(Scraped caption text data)
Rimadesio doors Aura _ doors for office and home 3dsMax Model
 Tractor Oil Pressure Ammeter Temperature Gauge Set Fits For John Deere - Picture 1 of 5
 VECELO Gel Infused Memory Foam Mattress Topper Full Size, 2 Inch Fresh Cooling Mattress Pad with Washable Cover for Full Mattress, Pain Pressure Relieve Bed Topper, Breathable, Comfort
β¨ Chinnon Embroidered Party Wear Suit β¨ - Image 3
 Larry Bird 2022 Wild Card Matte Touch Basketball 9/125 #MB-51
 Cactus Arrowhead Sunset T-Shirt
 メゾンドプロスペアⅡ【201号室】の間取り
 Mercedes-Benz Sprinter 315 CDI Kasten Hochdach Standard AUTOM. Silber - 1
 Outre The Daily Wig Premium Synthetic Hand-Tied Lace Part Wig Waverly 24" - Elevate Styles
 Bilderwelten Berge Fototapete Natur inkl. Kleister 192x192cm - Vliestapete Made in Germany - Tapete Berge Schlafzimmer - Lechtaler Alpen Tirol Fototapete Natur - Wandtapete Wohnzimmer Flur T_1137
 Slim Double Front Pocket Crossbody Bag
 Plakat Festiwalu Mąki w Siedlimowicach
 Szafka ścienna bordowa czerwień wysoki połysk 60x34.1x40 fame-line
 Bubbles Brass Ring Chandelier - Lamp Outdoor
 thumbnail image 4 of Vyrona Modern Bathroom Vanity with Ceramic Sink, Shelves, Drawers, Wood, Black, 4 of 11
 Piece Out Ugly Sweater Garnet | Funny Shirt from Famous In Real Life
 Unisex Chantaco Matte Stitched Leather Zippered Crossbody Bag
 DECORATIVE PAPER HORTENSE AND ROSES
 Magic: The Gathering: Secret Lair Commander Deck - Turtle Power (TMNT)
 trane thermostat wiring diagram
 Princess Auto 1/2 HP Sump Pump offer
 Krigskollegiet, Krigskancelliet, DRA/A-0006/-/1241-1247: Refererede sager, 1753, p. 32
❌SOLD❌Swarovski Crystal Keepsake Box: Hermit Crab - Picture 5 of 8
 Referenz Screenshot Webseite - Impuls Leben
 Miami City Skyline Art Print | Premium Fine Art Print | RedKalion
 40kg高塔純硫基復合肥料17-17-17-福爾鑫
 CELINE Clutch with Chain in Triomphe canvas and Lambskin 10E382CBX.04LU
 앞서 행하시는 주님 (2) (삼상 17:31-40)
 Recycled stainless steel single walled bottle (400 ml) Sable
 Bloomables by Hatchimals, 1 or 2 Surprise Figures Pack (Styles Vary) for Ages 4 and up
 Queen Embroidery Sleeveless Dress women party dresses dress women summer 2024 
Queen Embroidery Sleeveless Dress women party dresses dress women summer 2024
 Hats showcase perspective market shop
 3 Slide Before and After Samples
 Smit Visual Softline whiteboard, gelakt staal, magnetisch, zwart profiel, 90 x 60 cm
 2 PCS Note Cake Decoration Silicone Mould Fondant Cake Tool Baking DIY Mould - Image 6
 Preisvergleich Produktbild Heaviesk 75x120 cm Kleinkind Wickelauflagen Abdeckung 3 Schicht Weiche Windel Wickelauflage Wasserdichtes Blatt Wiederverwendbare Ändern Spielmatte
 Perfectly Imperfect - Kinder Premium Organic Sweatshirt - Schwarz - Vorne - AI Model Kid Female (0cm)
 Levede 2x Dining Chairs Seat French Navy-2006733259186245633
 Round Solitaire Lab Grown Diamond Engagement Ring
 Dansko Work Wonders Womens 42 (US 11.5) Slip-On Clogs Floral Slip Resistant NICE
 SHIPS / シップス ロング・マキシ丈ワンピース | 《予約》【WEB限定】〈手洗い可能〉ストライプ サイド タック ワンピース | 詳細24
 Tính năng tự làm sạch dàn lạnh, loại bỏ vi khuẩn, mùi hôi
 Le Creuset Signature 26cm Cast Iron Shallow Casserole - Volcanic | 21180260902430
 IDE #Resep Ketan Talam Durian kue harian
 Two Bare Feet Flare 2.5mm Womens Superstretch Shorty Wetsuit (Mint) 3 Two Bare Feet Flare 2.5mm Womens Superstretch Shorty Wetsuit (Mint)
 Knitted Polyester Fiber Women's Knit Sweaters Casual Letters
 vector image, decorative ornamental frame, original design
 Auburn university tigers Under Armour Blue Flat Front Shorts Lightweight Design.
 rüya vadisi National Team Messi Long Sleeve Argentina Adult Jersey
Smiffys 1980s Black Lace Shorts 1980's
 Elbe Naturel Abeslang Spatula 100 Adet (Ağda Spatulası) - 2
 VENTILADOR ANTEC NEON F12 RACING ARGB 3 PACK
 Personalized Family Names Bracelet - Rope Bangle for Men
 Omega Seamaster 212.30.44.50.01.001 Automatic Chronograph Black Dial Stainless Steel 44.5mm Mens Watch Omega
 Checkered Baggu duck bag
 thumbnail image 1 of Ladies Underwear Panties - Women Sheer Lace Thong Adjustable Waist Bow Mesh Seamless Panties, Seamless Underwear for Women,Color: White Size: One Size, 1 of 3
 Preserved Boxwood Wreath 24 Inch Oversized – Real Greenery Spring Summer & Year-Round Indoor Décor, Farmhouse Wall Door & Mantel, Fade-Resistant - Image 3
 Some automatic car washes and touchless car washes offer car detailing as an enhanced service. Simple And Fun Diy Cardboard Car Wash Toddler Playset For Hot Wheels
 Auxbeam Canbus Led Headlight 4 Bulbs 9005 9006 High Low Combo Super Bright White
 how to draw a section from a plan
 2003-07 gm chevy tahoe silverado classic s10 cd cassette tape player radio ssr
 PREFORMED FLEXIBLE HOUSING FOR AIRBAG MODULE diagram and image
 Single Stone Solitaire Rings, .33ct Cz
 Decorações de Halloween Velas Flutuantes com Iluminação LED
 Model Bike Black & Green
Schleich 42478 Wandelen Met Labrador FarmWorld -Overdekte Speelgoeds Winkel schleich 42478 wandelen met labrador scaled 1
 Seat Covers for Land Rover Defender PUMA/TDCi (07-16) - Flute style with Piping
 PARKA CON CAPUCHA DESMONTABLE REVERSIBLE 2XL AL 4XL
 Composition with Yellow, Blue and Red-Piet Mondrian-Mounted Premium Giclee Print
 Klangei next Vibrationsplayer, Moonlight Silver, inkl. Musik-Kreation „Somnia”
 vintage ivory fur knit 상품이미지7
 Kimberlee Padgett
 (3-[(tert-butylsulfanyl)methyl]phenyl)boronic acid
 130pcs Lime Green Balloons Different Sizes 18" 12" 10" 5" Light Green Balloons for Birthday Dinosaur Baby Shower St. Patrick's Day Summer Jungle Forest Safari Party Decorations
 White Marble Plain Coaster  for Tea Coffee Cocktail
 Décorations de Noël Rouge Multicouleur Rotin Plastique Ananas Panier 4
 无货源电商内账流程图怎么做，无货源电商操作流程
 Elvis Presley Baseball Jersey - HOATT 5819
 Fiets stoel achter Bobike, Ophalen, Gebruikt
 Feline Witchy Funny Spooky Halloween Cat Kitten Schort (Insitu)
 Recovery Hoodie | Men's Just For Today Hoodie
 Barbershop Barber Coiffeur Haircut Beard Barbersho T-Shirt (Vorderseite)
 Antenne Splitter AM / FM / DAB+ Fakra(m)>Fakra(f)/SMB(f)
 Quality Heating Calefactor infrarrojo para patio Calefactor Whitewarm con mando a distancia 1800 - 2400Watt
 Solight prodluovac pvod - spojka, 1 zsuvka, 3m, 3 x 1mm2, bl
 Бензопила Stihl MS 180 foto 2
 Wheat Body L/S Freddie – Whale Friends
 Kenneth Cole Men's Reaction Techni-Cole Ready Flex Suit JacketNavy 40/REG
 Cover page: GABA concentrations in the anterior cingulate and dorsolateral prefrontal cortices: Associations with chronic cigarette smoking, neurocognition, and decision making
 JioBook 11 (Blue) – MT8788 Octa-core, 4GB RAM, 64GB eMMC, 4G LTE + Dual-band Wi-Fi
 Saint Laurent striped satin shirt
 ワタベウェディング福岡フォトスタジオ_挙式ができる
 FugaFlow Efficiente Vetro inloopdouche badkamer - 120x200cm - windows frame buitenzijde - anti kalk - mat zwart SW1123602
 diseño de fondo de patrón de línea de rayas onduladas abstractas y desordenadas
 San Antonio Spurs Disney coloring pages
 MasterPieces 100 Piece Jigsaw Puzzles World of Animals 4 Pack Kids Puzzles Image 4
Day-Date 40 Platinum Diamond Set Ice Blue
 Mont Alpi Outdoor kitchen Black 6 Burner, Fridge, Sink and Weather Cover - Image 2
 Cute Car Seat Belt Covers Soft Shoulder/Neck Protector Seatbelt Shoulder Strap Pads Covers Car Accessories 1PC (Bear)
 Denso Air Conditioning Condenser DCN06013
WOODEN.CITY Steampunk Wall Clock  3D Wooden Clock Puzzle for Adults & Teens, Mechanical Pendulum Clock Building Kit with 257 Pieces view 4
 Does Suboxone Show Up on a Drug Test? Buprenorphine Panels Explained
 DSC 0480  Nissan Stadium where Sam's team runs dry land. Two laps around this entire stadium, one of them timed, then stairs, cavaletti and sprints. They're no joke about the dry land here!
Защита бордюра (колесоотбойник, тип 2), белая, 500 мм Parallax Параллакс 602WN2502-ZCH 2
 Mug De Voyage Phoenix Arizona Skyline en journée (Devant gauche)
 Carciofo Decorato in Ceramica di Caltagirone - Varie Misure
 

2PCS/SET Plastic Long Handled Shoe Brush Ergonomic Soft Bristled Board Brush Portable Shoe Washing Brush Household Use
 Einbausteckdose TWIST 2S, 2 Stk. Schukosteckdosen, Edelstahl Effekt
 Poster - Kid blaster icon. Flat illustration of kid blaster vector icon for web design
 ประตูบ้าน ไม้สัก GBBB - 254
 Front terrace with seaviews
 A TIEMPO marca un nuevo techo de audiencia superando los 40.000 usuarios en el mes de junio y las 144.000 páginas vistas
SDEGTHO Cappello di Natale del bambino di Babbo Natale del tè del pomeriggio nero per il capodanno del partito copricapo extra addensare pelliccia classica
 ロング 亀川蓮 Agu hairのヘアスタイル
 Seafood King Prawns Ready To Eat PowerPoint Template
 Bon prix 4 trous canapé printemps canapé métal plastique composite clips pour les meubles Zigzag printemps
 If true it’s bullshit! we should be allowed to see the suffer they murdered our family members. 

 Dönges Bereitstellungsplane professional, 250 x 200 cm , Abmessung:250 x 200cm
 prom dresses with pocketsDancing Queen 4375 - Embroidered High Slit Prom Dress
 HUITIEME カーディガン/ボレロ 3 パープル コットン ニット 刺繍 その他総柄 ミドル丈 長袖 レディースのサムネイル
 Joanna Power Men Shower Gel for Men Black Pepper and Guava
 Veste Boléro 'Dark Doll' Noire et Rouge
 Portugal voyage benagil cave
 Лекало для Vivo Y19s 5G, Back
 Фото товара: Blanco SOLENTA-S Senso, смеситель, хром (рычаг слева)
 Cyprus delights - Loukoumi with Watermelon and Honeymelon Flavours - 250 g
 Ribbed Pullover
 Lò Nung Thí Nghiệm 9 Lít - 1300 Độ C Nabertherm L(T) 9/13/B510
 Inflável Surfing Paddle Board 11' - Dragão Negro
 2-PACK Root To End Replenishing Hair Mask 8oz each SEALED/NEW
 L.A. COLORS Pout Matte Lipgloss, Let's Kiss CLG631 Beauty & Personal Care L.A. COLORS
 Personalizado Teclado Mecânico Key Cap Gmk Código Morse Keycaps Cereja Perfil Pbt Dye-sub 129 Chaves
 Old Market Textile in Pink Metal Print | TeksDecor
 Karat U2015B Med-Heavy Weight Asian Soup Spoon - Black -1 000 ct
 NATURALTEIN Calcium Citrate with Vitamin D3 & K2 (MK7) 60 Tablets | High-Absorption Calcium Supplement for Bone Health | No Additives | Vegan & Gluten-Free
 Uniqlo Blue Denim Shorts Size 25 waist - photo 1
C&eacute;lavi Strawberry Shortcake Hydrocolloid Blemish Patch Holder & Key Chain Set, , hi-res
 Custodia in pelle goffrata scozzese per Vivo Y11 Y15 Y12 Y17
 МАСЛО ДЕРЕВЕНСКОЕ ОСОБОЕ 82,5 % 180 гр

> _WHAT IS REQUIRED_
Above are records; repeat only the lines starting at the line with "Décorations de Noël" and ending at the line with "Kenneth Cole Men's", exactly as they appear, both included.

> _RESPONSE TO THE EXERCISE_
 Décorations de Noël Rouge Multicouleur Rotin Plastique Ananas Panier 4
 无货源电商内账流程图怎么做，无货源电商操作流程
 Elvis Presley Baseball Jersey - HOATT 5819
 Fiets stoel achter Bobike, Ophalen, Gebruikt
 Feline Witchy Funny Spooky Halloween Cat Kitten Schort (Insitu)
 Recovery Hoodie | Men's Just For Today Hoodie
 Barbershop Barber Coiffeur Haircut Beard Barbersho T-Shirt (Vorderseite)
 Antenne Splitter AM / FM / DAB+ Fakra(m)>Fakra(f)/SMB(f)
 Quality Heating Calefactor infrarrojo para patio Calefactor Whitewarm con mando a distancia 1800 - 2400Watt
 Solight prodluovac pvod - spojka, 1 zsuvka, 3m, 3 x 1mm2, bl
 Бензопила Stihl MS 180 foto 2
 Wheat Body L/S Freddie – Whale Friends
 Kenneth Cole Men's Reaction Techni-Cole Ready Flex Suit JacketNavy 40/REG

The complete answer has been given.